Leave the pictures out and quote only the lines from the one with "Flowers at college" down to the end of the listing below.

**Supplied material**
+---+
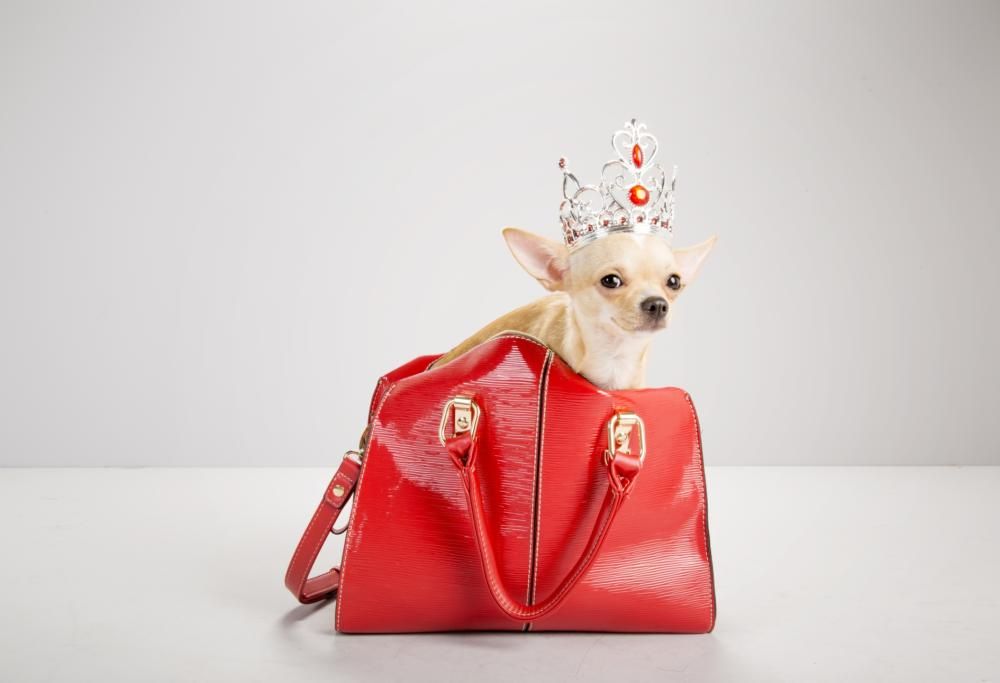 Incredibile: ecco perché andare in giro con la borsetta può causare mal di testa!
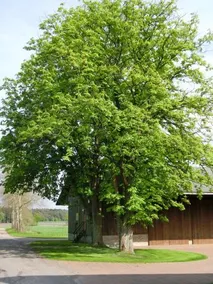 Ferienhof Riensheide - Image 3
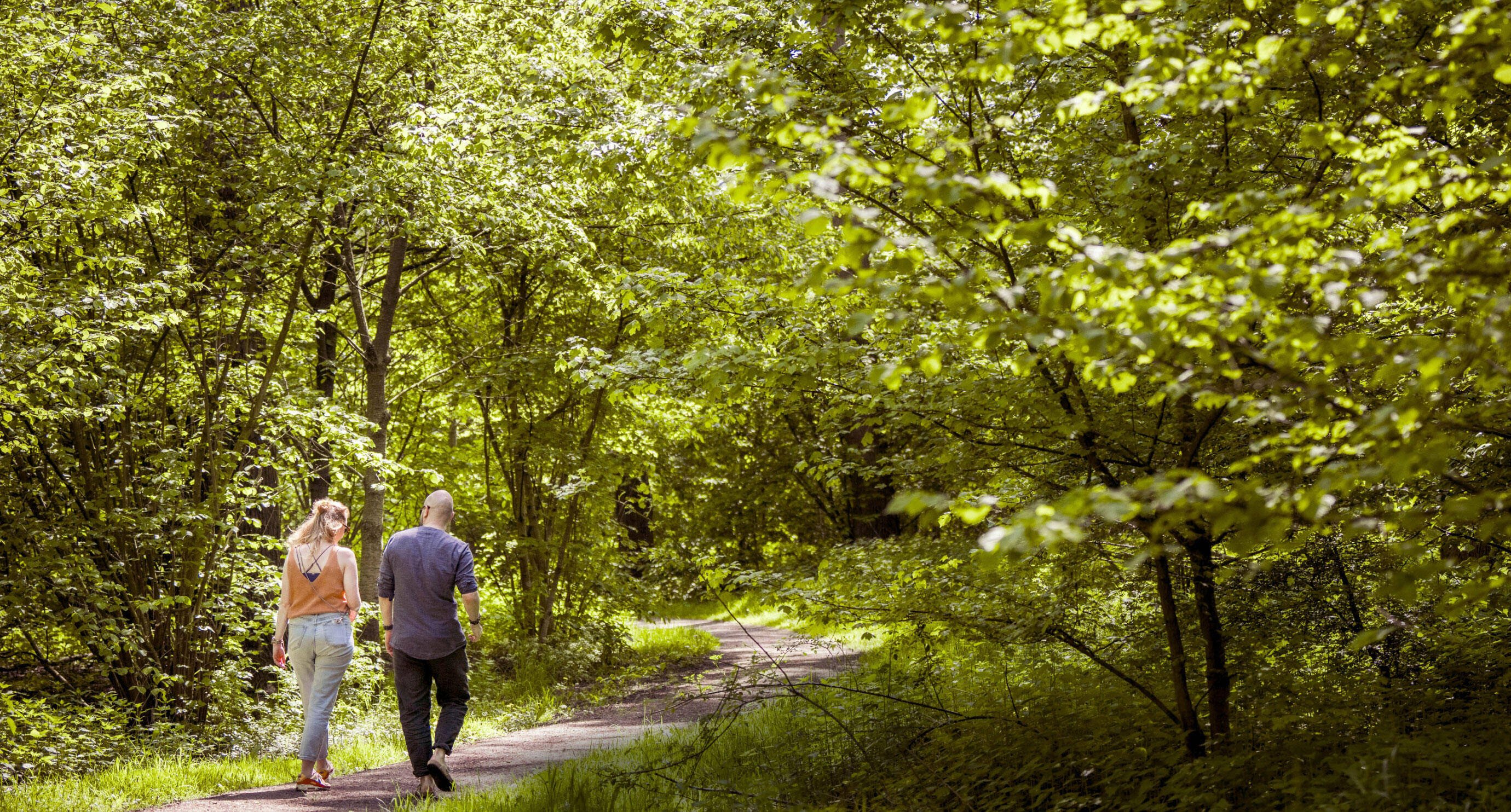 Wandelaars op een zonnige dag in het IJsselsteinse bos
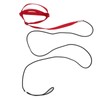 Bird Leash Bite Resistant Adjustable Parrot Flying Training Rope for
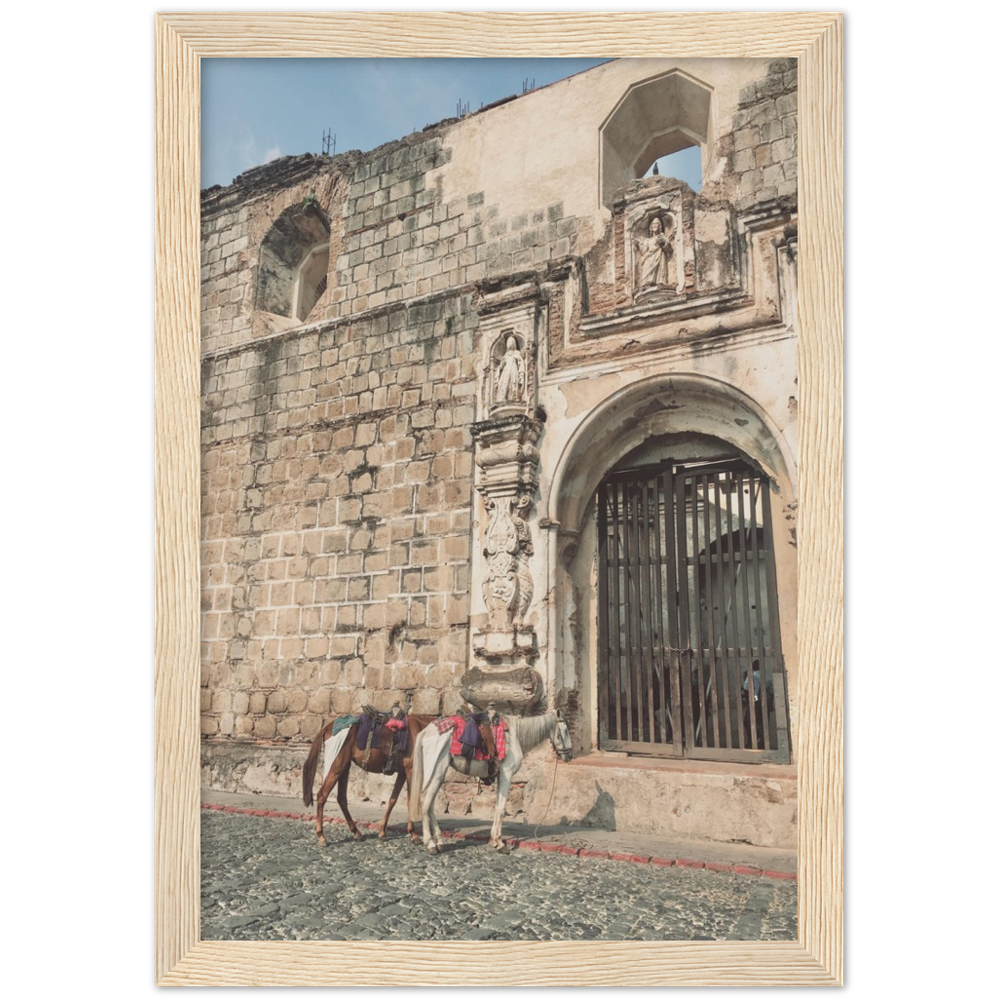 Church and Horses Antigua, Guatemala Framed Photo Print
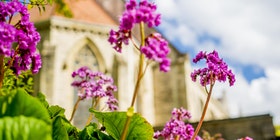 Flowers at college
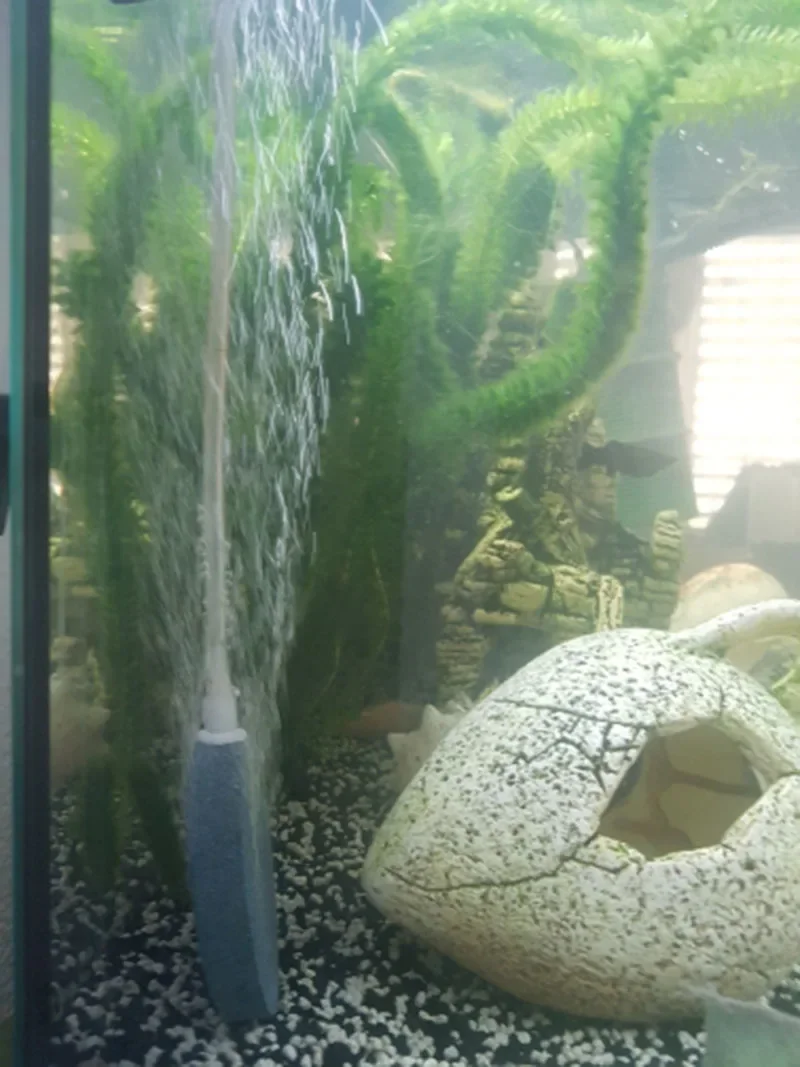 1 Stück 40/50/60/70/80/100mm Belüftungsstein für Aquarium Fischbeckenpumpe Hydroponische Sauerstoffplatte Mini-Luftpumpenzubehör – Detail 23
+---+
**Your solution**
 Flowers at college
 1 Stück 40/50/60/70/80/100mm Belüftungsstein für Aquarium Fischbeckenpumpe Hydroponische Sauerstoffplatte Mini-Luftpumpenzubehör – Detail 23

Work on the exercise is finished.